Hz. Ali (ra) Efendimiz’in“söylemediğin sözün hakimi, söylediğin sözün mahkumusun” şeklinde veciz ifadesinde dikkat çekilen hususa biz de konumuz açısından dikkat çekiyoruz.
“Sosyal medyada paylaşmadığın bir yazının hakimi, paylaştığın bir yazının mahkumusun.”
Bu gerçekleri bu şekilde net ifade ettikten sonra, aşağıda beş maddede sosyal medyadaki etik dışı hareketleri özetlemek istiyorum.
1-Kişinin hiçbir haberi olmadan rastgele yapılan etiketlemeler, etik dışıdır.
2-Kişin Messenger dedikleri özel mesajına her sabah ya da zaman zaman “merhaba, günaydın ya da el sallama işaretleri göndermeler”, etik dışıdır.
3-Hiç bir tanışıklığı ya da dahli olmadığı halde, başkasının arkadaşının ismini etiketleyerek, açıkça ismini yazarak yapılan yorumlar, etik dışıdır.
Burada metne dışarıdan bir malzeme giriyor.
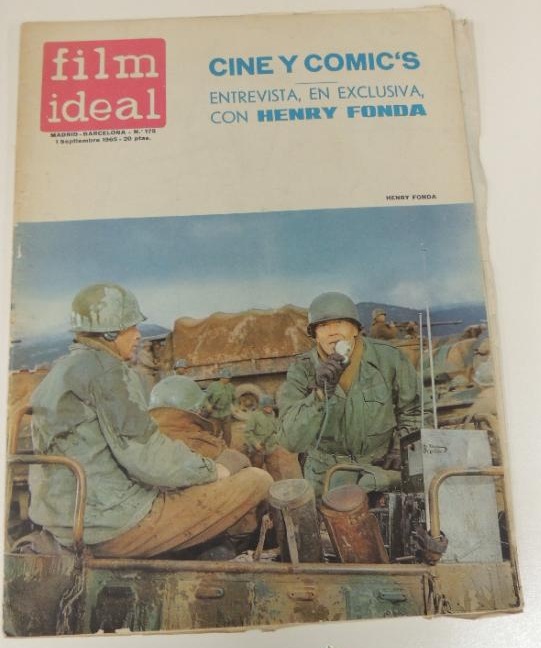 FILM IDEAL magazine side cover Issue 175 1 September 1965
4-Üçlü süzgeçten geçirmediği (doğru mu, iyi mi, faydalı mı diye üçlü süzgeçten geçirmediği) boş şeyleri yazmak, etik dışıdır.
5-Empati yapmadan (karşı tarafın psikolojik durumu, iş durumu, şarz durumu, vb gibi hususları düşünmeden) yazılan her şey etik dışıdır.
Gerçekten de siz emekli olabilirsiniz ve her emekli insan gibi boş vaktiniz çok olabilir. Sizin boş vaktiniz var diye herkesin de boş vaktinin çok olduğunu asla düşünmeyiniz ve zırt-pırt mesaj atarak başkalarını rahatsız etmeyiniz.
Sizin moraliniz bozuk diye başkalarının da moralini bozmayınız.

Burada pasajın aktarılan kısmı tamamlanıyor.